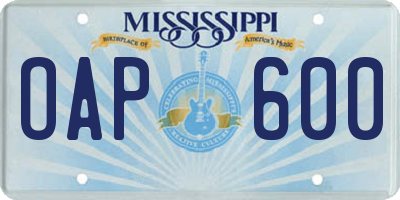 MS license plate OAP600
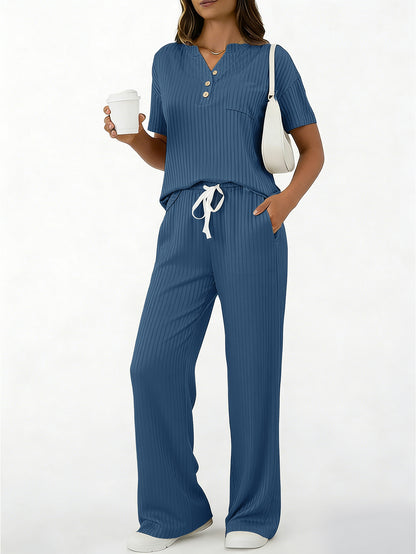 American Style Casual Ribbed Knit Two-piece Women set - Blue / L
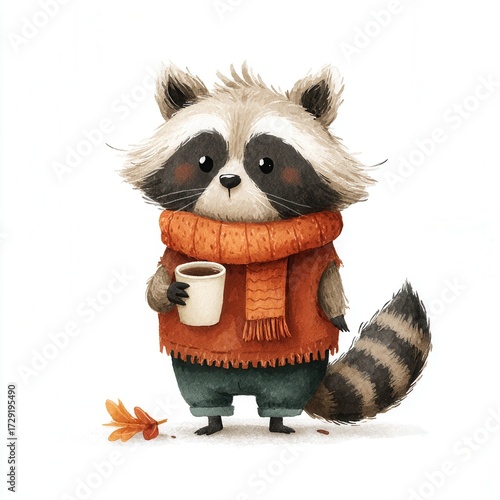Adorable cartoon raccoon holding a cup in cozy autumn attire with orange scarf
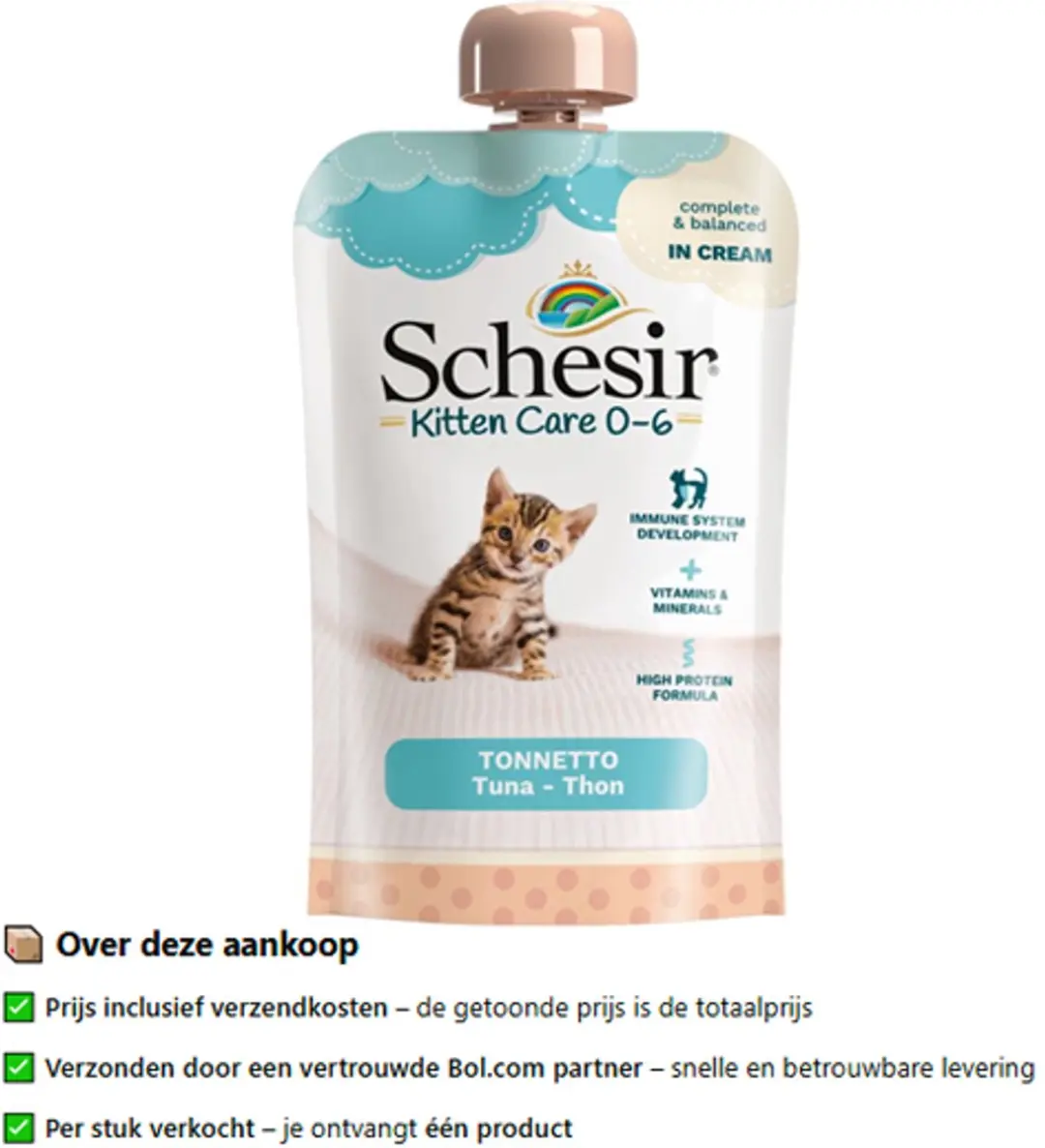Schesir Kitten Tonijn in Cream 150g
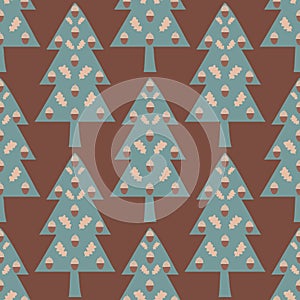 Beautiful stylized trees and acorns vector seamless pattern background. Scandi nordic style forest decorated with nuts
◆ ◆ ◆ ◆ ◆ ◆ ◆
■ Activity: Leaving pictures aside, write out each record above exactly as given.

■ Answer section:
 MS license plate OAP600
 American Style Casual Ribbed Knit Two-piece Women set - Blue / L
Adorable cartoon raccoon holding a cup in cozy autumn attire with orange scarf
Schesir Kitten Tonijn in Cream 150g
 Beautiful stylized trees and acorns vector seamless pattern background. Scandi nordic style forest decorated with nuts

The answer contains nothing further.